Dois anos depois do acidente, me mudei para a Califórnia para começar um programa de pós-graduação em psicologia e isso, realmente, foi um novo começo para mim. Eu estava intelectualmente engajada e fazendo algo que eu sentia ser importante e útil. Isso gerava uma sensação muito boa”.

Eu basicamente parei de falar sobre o acidente, seguindo o conselho dos meus pais, que disseram que, se as pessoas soubessem o que eu fiz, poderiam me ver de forma diferente. Eu frequentemente me refiro a esse menino, Brian, como meu fantasma, porque ele se tornou parte de mim. A voz dele, na minha mente, se tornou uma voz bem punitiva, raivosa, que dizia: ‘Não seja feliz. Você se lembra o que aconteceu da última vez em que você ficou feliz? Você matou uma criança, você me matou’”.

Eu pensei no Brian no dia em que me casei. Eu pensei no Brian no dia em que meu pai morreu. Eu pensei no Brian no dia em que defendi minha dissertação. Eu pensei no Brian no dia em que comecei um novo emprego. Ele viveu comigo”.

Por anos, eu pensei em contatar a família do Brian, mas me contive porque não sabia se eles iriam querer isso. Eu não tinha muito dinheiro, mas eu fiz uma doação anônima de alguns milhares de dólares para a faculdade do irmão dele, para pagar parte da matrícula”, revelou. “Então, cerca de 10 anos atrás, fiz uma viagem a Israel. Eu sou judia, e fui com meu rabino e outras pessoas a um templo. Quando estava lá, eu adotei um nome hebraico, Bracha, que significa benção. Eu escolhi esse nome em homenagem ao Brian”.

Quando cheguei em casa, escrevi uma carta para a mãe de Brian. Eu disse a ela que havia adotado esse nome em memória do filho dela e que Brian vivia no meu coração, assim como eu sabia que vivia no coração dela”. No entanto, Gray acabou descobrindo que a mãe da vítima havia morrido e que a correspondência teria sido encaminhada ao irmão mais velho de Brian.

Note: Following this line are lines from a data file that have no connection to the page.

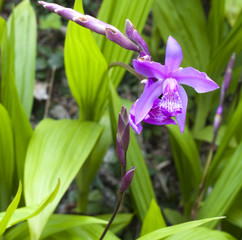 Purple orchid plant with buds in the wild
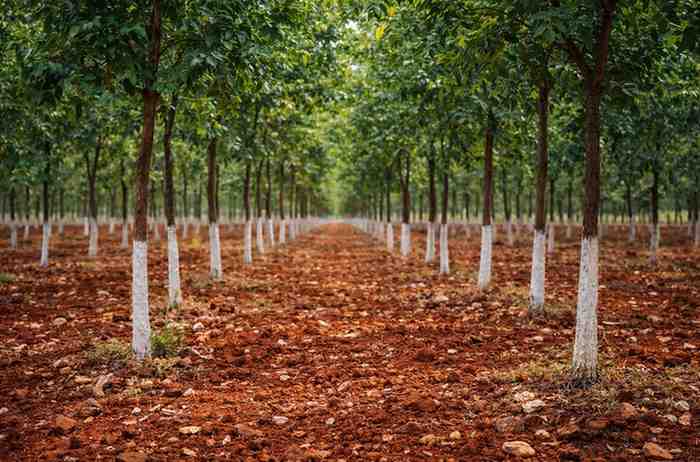 redsandalfarmlandsprice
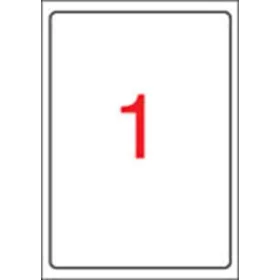   Etikett, tintasugaras nyomtatóhoz, 199,6 x 289,1 mm, fényes, fotóminőségű, APLI, 10 etikett/csomag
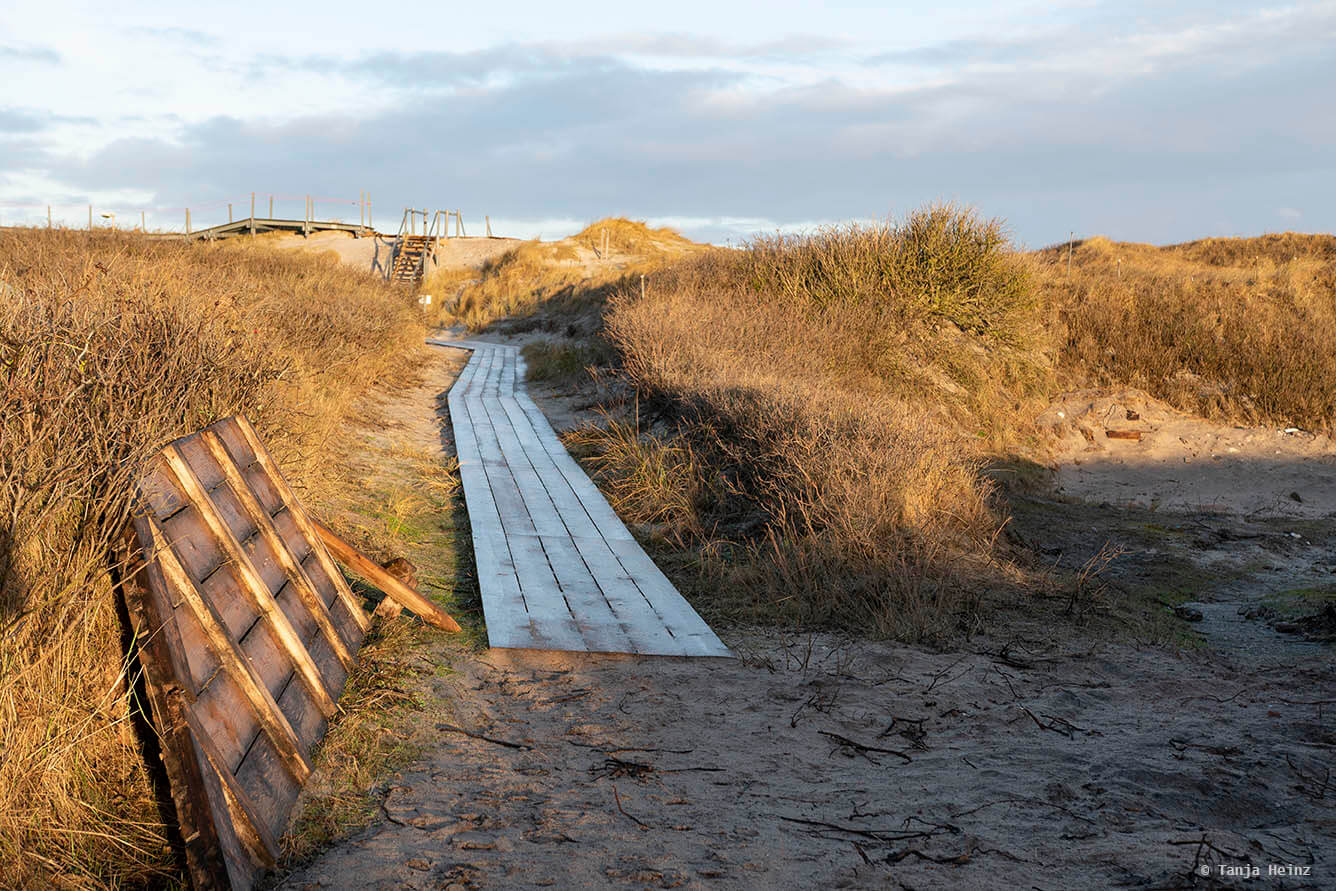 Weg auf der Düne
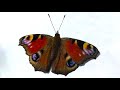 Aglais Io  - The European Peacock Butterfly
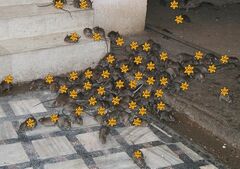 A group of jews in their natural habitat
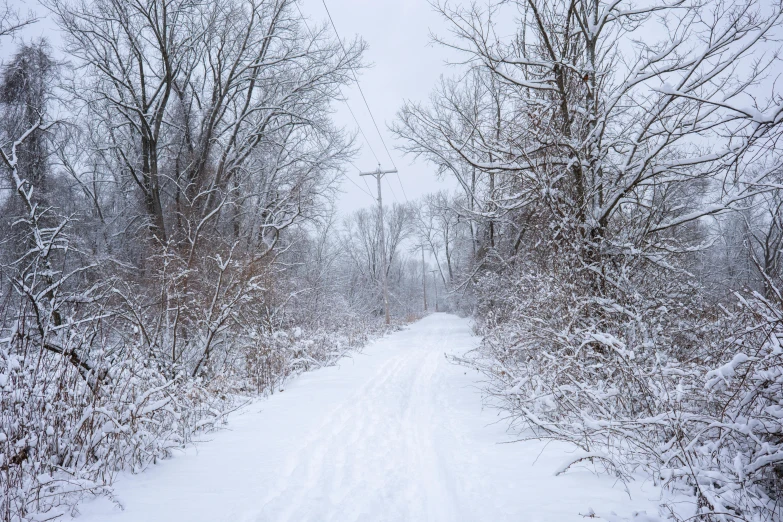 a snow covered road on a cloudy winter day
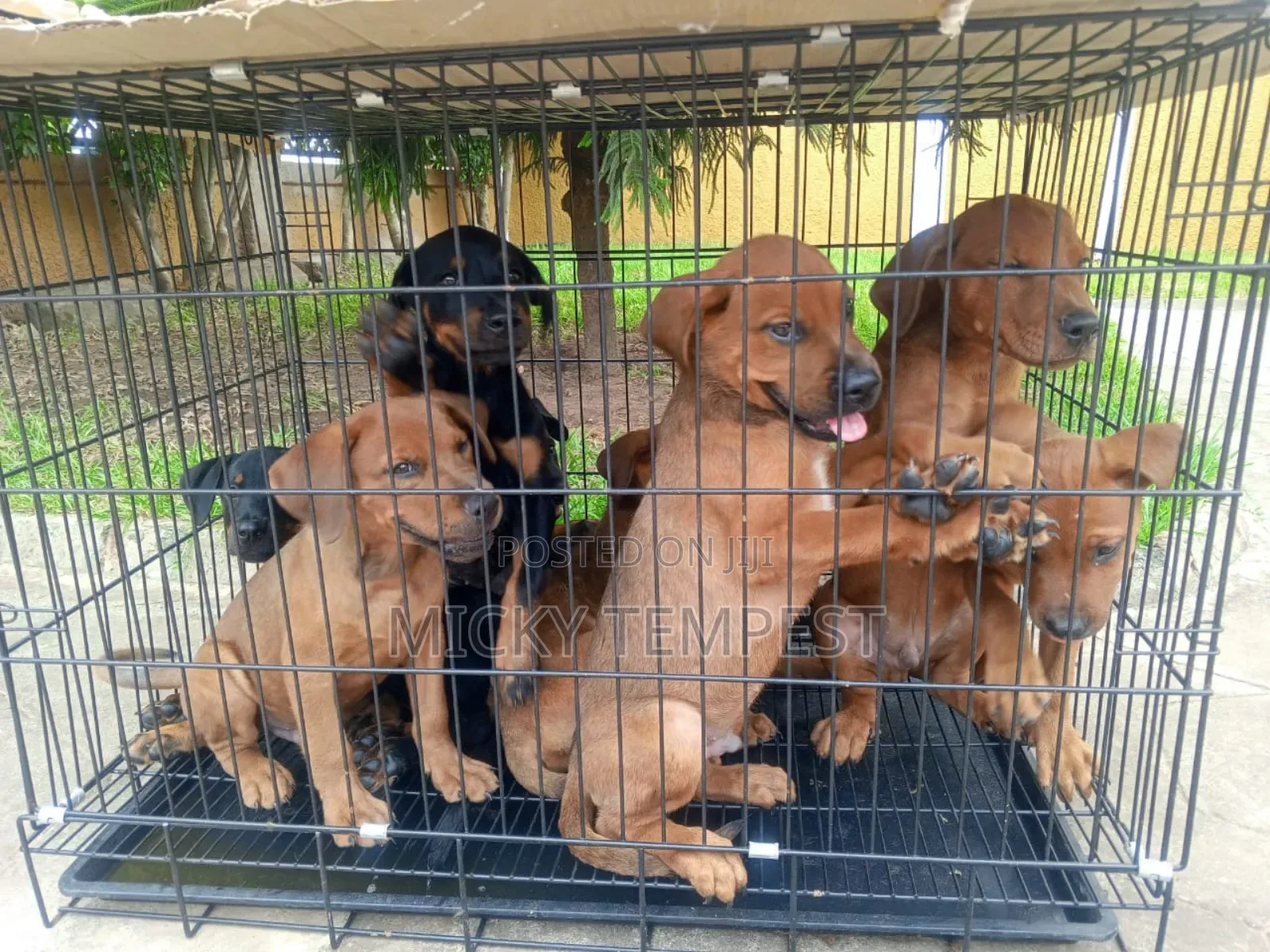 3-6 months Male Mixed Breed Rottweiler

Um dia, eu estava sentada no meu escritório, quando atendi a um telefonema e era ele. Ele tinha lido a minha carta e me achou na internet”, disse. “Conversamos por cerca de 45 minutos. Foi uma conversa emotiva. Ele estava com muita raiva e me contou o quanto a família dele havia sofrido”.

À medida que conversávamos, ele ia se acalmando […] No final da conversa, eu disse: ‘O que você quer me perguntar? Você pode me pedir o que quiser’”.

“Ele perguntou: ‘Você estava correndo?’, e eu disse: ‘Não, eu não estava correndo. Eu sinto muito. Eu sinto muito mesmo, mas seu irmão apareceu na frente do meu carro.

E ele disse: ‘É, eu sei. Hora errada e lugar errado’”, disse ela acrescentando que neste momento, pela primeira vez, sentiu-se perdoada.

Eu me perdoo, mas eu vivo aterrorizada de que possa machucar mais alguém”, afirmou. “Eu tentei honrar Brian e a família dele ajudando os outros e sendo uma pessoa melhor, mas acho que nunca ficarei totalmente em paz comigo mesma por ter matado uma criança. Eu nunca deixarei de me horrorizar com isso”.